Although the superaffluent may have a different set of financial problems from most people, they face emotional issues that aren't so different. Kopcynski relates the case of a family that sold a company for $60 million and started worrying almost immediately, even though they stayed on at their company. "They end up working in a hollow environment. They become statues, and it kills their pysche," he explains. "What comes along is all these personal and emotional issues they never faced before."
Typically in these situations, the client wants to jump right back into a new business. "We counsel patience," Kopcynski says. "When you have patience and money, it's a winning combination. But it's also a maturity thing."
Knowing when to stand up to a client when they disagree with their advisor and when to step aside can put a firm's professionals in a quandary, Beaty notes. On the one hand, Tanager serves as a fiduciary and has a set of attendant responsibilities that may limit its choices. On the other hand, it's the client's money and the client's business.
Professionals at firms like Tanager view their clients as a family and, in a few cases, provide advice to four generations. But it's also quite common when some members want to go their own way and use other advisors, often for noneconomic issues of privacy. Kopcynski relates a situation where a son-in-law of a large family office client was sensitive about keeping certain information confidential and his firm honored the request for privacy.

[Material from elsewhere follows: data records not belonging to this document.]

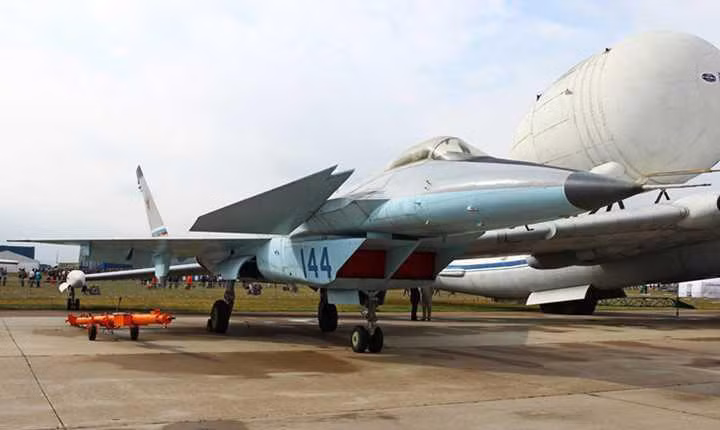 MiG-1.44 là kết quả của chương trình phát triển "Máy bay tiêm kích tiền tuyến đa năng-MFI của Cục thiết kế OKB MiG nhằm cạnh cạnh tranh với chiến đấu cơ thế hệ thứ 5 F-22.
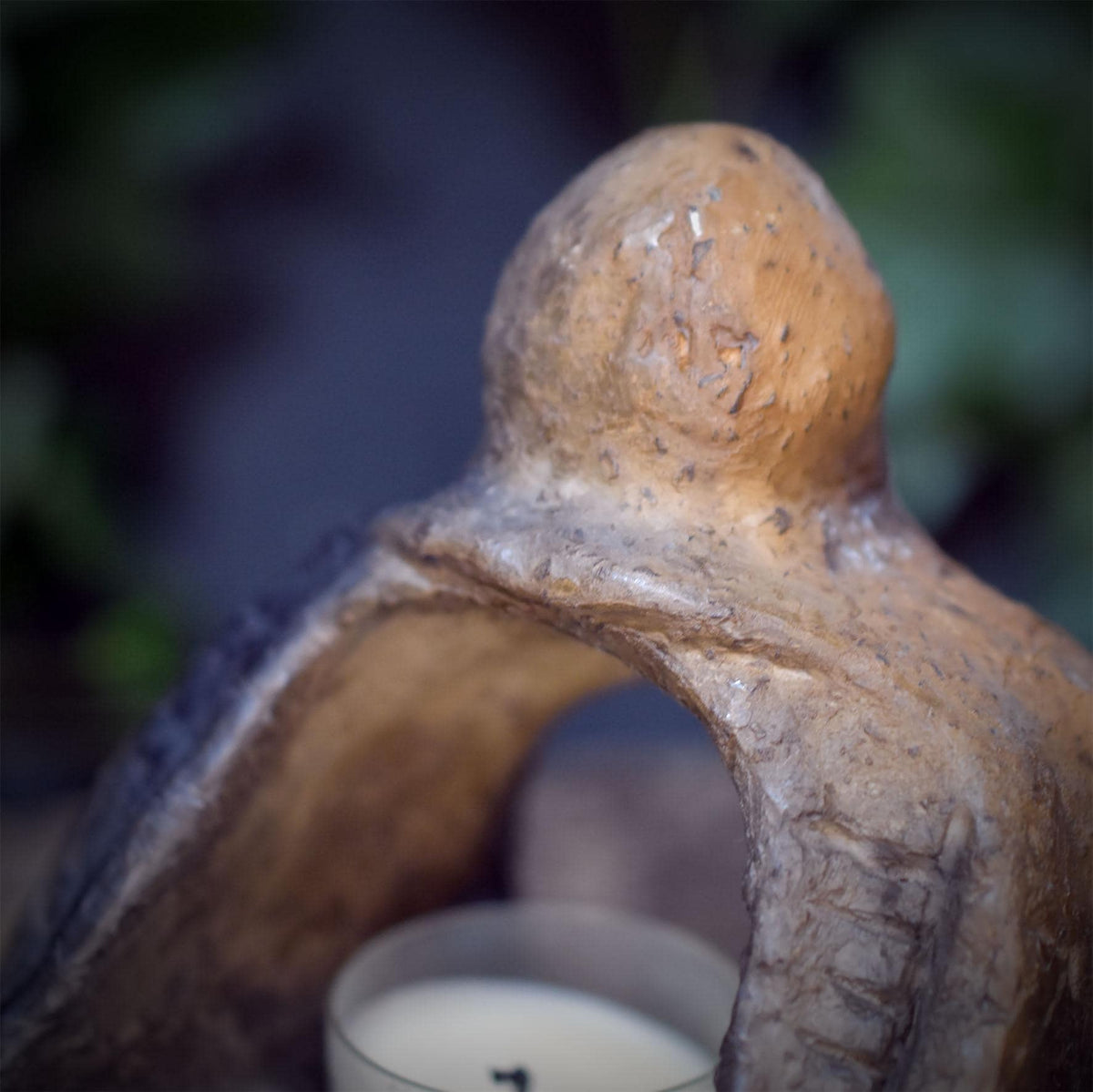 Teelichthalter Holda aus Keramik, Altar Schrein mit Stufen, archaisches Windlicht für Meditation und Rituale, Unikat TKH041
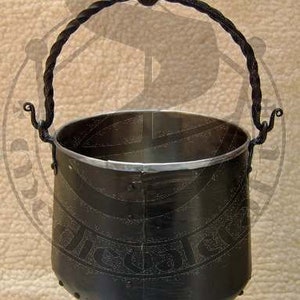 Forged metal cauldron 10L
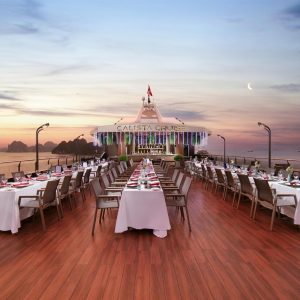 sundeck-dining-calista-cruise-halong-bay-viettrendtour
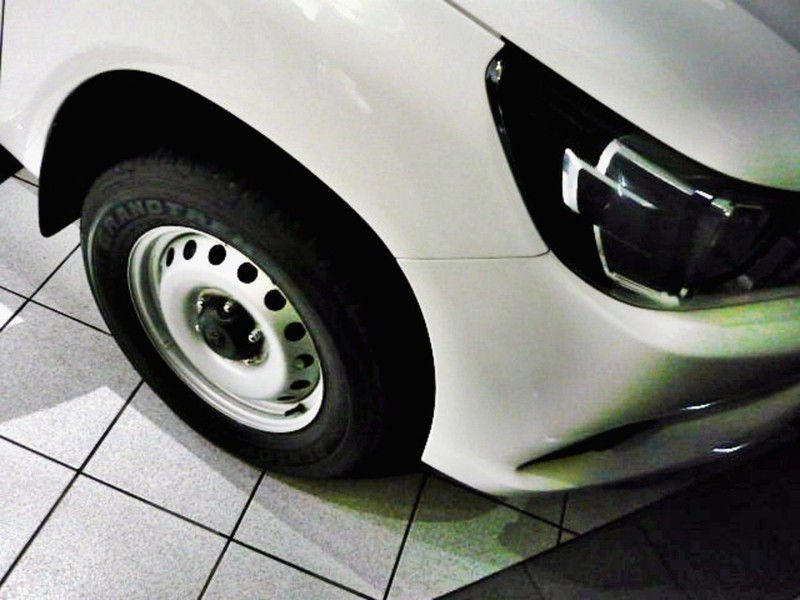 Toyota Hilux - LisaCars - Image 8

Just as success often begets more success, Tanager and Universal have realized a quantum leap forward in the type of clients attracted to their practices since they migrated towards the family office model and expanded into new services. Both firms have enjoyed considerable success in recent years marketing their services to clients with more than $25 million. While some advisors undoubtedly would take umbrage at the elitism inherent in such a marketing strategy, it's doubtful they would blame themselves or colleagues for favoring prospects with, say, $300,000 in investable assets over those with $30,000. What makes the family office model so compelling is advisors are competing on service quality, not sales skills or investment performance and, in the process, are building client relationships that can withstand powerful stress tests.